Activity: For each line below that includes the word "with", make a copy.
Exercise material below:
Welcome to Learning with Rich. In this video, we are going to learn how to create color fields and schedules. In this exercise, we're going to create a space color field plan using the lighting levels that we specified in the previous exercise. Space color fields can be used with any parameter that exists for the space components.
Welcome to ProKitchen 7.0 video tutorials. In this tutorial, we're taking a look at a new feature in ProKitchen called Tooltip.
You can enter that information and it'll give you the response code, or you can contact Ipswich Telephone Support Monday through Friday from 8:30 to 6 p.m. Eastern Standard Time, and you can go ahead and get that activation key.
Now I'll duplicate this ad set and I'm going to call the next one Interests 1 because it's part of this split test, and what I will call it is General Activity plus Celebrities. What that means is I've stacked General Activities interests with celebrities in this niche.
End of Exercise material.
Exercise material below:
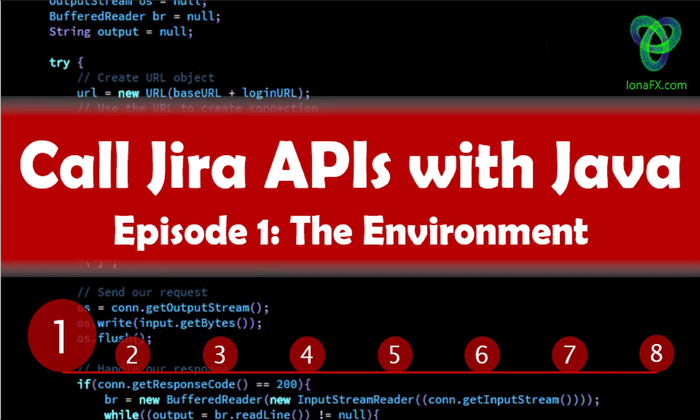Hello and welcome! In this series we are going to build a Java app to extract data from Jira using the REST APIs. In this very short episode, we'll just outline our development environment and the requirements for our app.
End of Exercise material.
Your solution:
Welcome to Learning with Rich. In this video, we are going to learn how to create color fields and schedules. In this exercise, we're going to create a space color field plan using the lighting levels that we specified in the previous exercise. Space color fields can be used with any parameter that exists for the space components.
Now I'll duplicate this ad set and I'm going to call the next one Interests 1 because it's part of this split test, and what I will call it is General Activity plus Celebrities. What that means is I've stacked General Activities interests with celebrities in this niche.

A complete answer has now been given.